Summary
One “Nameless” Hero Assassin is called before the great conqueror King to relay his account of defeating the three greatest assassins and threats to his Imperial Rule.
The Film
“Hero” blew me away when I first saw it in my early twenties. I was beginning to explore foreign cinema for the first time and martial arts was my first love. The way the action was shot, fights were beautifully choreographed, and the values of the culture differed from my own all drew me to explore films which would eventually push me into foreign films from all over the world.
For the time, however, “Hero” was simply an action movie out of step with the movies I had grown up with and accustomed to. I was too young to understand some of the political realities that affect the story and the film’s production so subtleties of a communist country influencing a story to make it more palatable to the official narrative were lost to me.
I liked the martial arts. I liked the use of color. I liked the simple narrative subversion and the nobility of the characters all around. I hadn’t seen a lot of Martial Arts movies yet but it seemed like they were mostly about one school or training style versus another or about personal revenge. Here was a film about large military conquests that was all boiled down to the battles between champions and a plot to assassinate a brutal conqueror. More my style.
As the action and story unfolded, I missed the subtleties at play in the characters.

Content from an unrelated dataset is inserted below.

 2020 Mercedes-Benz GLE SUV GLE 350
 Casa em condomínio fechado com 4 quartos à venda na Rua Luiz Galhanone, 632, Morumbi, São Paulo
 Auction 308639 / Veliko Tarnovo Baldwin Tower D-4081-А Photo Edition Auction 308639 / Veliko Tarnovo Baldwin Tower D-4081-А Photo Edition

I was young and still thought love was somehow magic and couldn’t understand how a character could love someone but then go against them for ideological differences. I hadn’t faced those battles in my own life and so didn't realize that this is the most interesting drama in the film. The fights may be beautiful, subtle and born from deep internal emotion but I was missing that part of the equation until this last viewing.
Re-watching it, I was still impressed by the use of color to represent different seasons, emotions, and even versions of accounts of the same events but not like I was when I was younger. The same goes for the choreography which looks a fair bit more like dancing than fighting to me at this point. The real difference is my latest viewing is that I am more experienced in the hardships, arguments, bonds, and broken loves of life than I was. Now these fights seem less like interesting backs and forth which keep me on the edge of the seat wondering who will win and how. These questions are all fairly predictable in this film.

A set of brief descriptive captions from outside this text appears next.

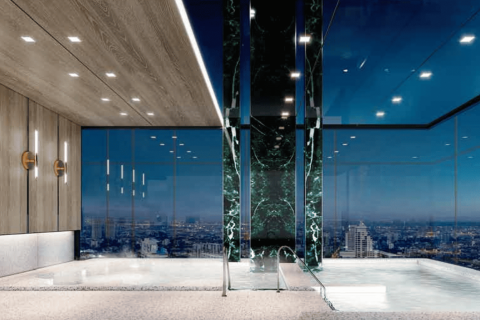 Condo in Bangkok, Thailand, 1 bedroom  № 178882 - photo 11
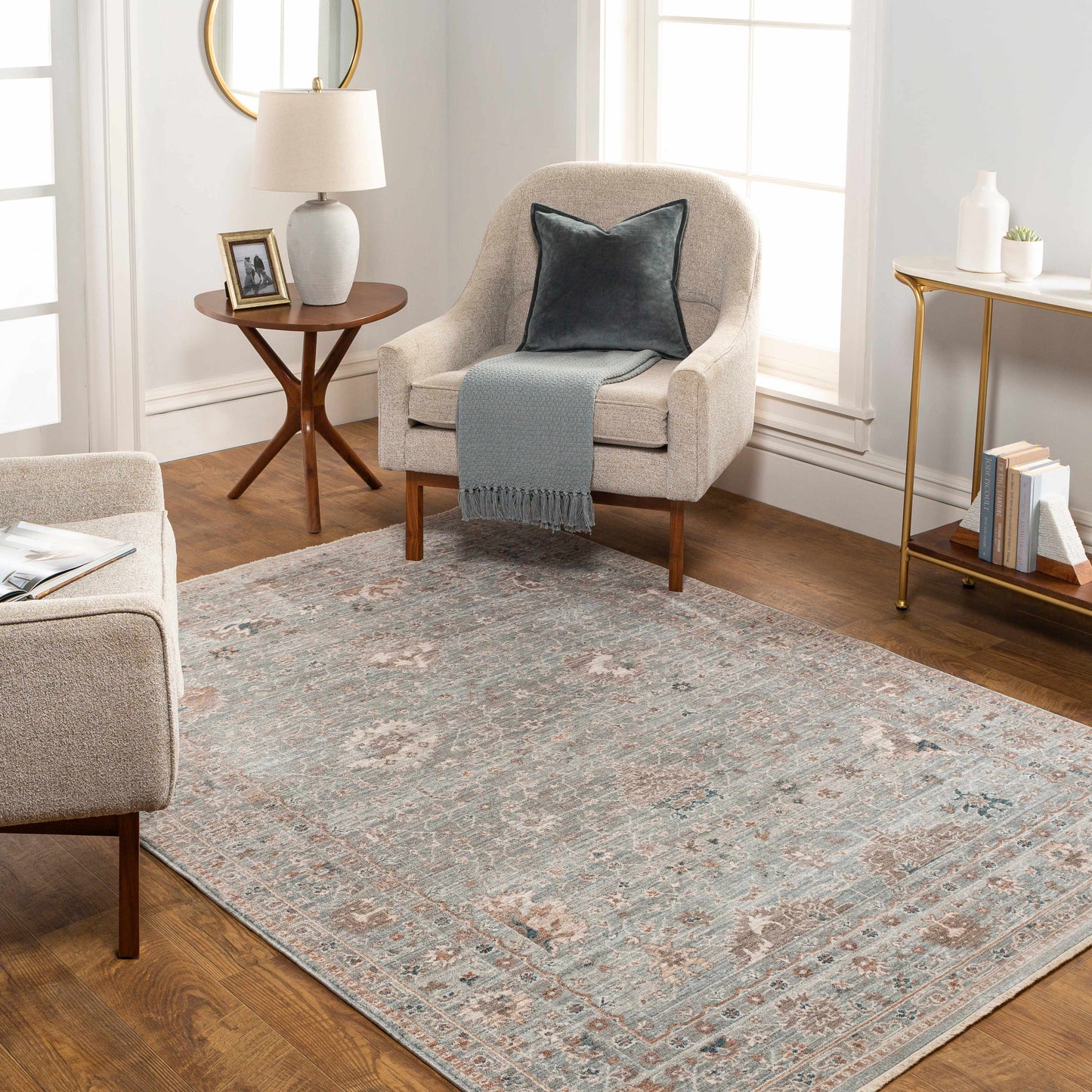 Carlisle CSI-2310 Machine Woven Rug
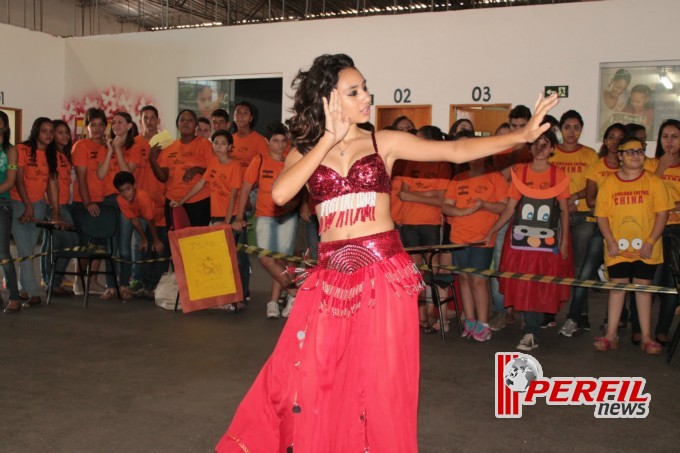 IX Gincana do Sistema Exitus de Ensino IX Gincana do Sistema Exitus de Ensino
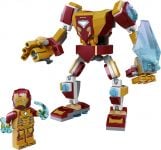 LEGO Super Heroes 76203 Iron Man Mech Armor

No. The fights in “Hero” are the emotions. Do you want to see what pain looks like? Resolve? Respect? Watch the way Jet Li (“Fearless” 2006), Tony Leung (“Chungking Express“ 1994), Maggie Chow (”In the Mood for Love,” 2000), Donnie Yen (“Ip Man” 2010) and Ziyi Zhang (Crouching Tiger, Hidden Dragon” 2000) fight in this film. The fight is not to answer the question “What happens next?” It is to answer the question “But how do they really feel.”
The communication and sharing of emotional experience is core to the art of cinema. “Hero” excels in bringing these experiences into our lives with a style that is luscious yet minimal, fights that are frenetic yet peaceful, and heroes who kill yet are willing to die for their enemies.